The thyroid gland produces hormones that affect almost all body functions. Thus, thyroid disease can cause a wide range of symptoms such as weakness and fatigue, anxiety, constipation, weight loss, insomnia, menstrual irregularities and increased heart rate. In addition, the FT3 test is re-ordered after initial tests that show TSH results above or below normal.
It is important to understand that thyroid research is a look at what is happening in the human body.

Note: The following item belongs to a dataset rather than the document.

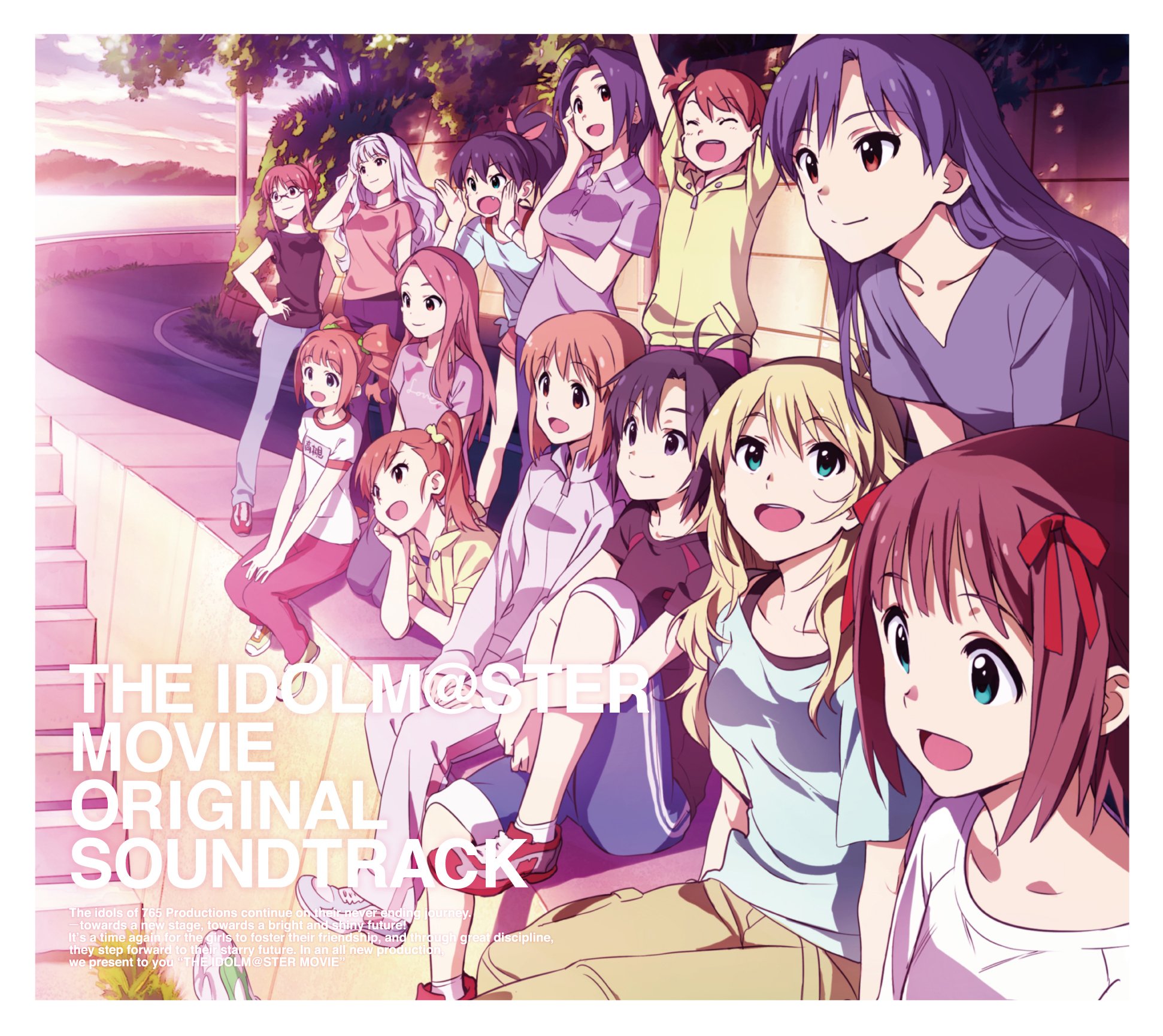 Amazon.co.jp: 劇場版『THE IDOLM@STER MOVIE 輝きの向こう側へ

Trioidthyronine levels depend on:
- from age (by 11 - 15 years, the concentration of free triiodothyronine reaches the level of adults; over 65 years of age, a decrease in free triiodothyronine in serum and plasma is observed);
- during pregnancy, the value of free trioidthyronine decreases from the 1st to the 3rd trimester; a week after birth, serum free trioidthyronine levels return to normal;
- by gender (women have lower concentrations of free trioidthyronine than men);
- depending on the time of year (the maximum level of free trioidthyronine occurs from September to February, the minimum - in the summer).
In addition, test results may also be affected by certain medications, such as estrogen, birth control pills, and high-dose aspirin.
References
- Hypothyroidism. Clinical recommendations. Association of Endocrinologists of Russia, 2022. - 38 p.
- Federal clinical guidelines for the diagnosis and treatment of thyrotoxicosis with diffuse goiter (diffuse toxic goiter, Graves-Bazedow disease), nodular/multinodular goiter, 2014. - 45 p.
- Encyclopedia of clinical laboratory tests / ed. WELL. Titsa. - M.: Labinform, 1997. - P. 461-465.
- Kumar, V., Abbas, A., Fausto, N. et al. Robbins and Cotran Pathologic Basis of Disease, 2014. - 1464 p.